# Strange key repeats on USB keyboard when typing normally



## Declan Hoare (Feb 14, 2021)

My keyboard shows up in lsusb as "Unicomp, Inc. Ruffian 6 Keyboard v3 [Model M]" and my motherboard is a Gigabyte AX370-Gaming K3 with the latest firmware, and I'm booting in UEFI mode.  I've just installed FreeBSD 12.2 and I'm getting strange key repeats as I type, both in text mode and in X, which wasn't happening on Arch Linux or NetBSD.

I think this has to do with key jamming.  The easiest way for me to reproduce this problem is to depress G, H, J, and K in order and then release them in order, which results in the text "ghghkj", whereas what I get when connecting the same keyboard to a Linux system is "ghkj".  The first "g" and "h" appear when pressing those buttons, and the rest of the text appears immediately on releasing H.  I'm also having frequent issues in practice, typing at normal speeds; the words "then" and "them" in this paragraph showed up as "theehn" and "theehm".

I've tried enabling "Port 60/64 emulation" in the UEFI setup in hopes of having the keyboard be detected as a PS/2 device instead to see if that would help, but I think it's still being used as a USB device, as it still shows up in lsusb.  I installed xf86-input-evdev and uninstalled xf86-input-libinput, which caused evdev to be used but it didn't make a difference so I changed it back (I would be happy to solve the problem in X even if it remains in text mode as I spend most of my time in X).  And I've set hald_enable and dbus_enable as described in the sticky in this forum, and rebooted, but this didn't affect the problem either.

Does anyone know how I can prevent these repeats from happening?


----------



## Snurg (Feb 14, 2021)

I once had a similar experience, and in the computer BIOS I found a setting "Emulate PS/2 Keyboard", "Legacy PS/2 support" and the like.
I suppose the background is that USB keyboards have 2- or 3-key rollover only, while PS/2 can take more keys without getting confused.

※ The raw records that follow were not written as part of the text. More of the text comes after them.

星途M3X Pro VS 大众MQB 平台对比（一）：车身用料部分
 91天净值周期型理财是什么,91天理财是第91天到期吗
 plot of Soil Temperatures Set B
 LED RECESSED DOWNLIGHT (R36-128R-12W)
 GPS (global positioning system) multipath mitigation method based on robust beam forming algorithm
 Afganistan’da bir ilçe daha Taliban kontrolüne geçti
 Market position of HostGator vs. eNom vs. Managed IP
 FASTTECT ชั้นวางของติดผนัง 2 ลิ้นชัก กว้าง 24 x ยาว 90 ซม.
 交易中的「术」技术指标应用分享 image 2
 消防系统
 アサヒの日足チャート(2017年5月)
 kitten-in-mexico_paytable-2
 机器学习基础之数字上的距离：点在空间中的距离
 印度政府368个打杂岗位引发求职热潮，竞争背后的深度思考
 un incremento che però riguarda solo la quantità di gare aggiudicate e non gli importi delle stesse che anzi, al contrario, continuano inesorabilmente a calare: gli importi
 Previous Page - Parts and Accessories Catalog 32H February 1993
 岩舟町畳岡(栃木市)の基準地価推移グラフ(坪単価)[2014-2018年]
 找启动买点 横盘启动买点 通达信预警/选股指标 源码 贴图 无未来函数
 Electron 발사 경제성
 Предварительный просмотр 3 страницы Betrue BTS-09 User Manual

Edit: Good to see evdev is still available


----------



## Declan Hoare (Feb 15, 2021)

Based on what you said I tried harder to get it to recognise the keyboard as PS/2 but I don't think it will work on my hardware.  I disabled ukbd0 with PS/2 emulation enabled in the UEFI setup, but that gave me no keyboard input in FreeBSD.  I turned emulation back off and used an adapter to connect the keyboard to my physical PS/2 port but that didn't work at all, even in setup itself.  I tried a PS/2 keyboard and a different USB keyboard and both worked fine though, so it seems to be a clash with this particular keyboard.


----------



## Vladimir Kondratyev (Feb 15, 2021)

Looks like known issue. You can apply ukbd_rollover.patch from PR/253249 https://bugs.freebsd.org/bugzilla/show_bug.cgi?id=253249


----------



## jbo (Oct 29, 2021)

Relevant: https://forums.freebsd.org/threads/usb-keyboard-missed-extra-keystrokes.70063/#post-539037


----------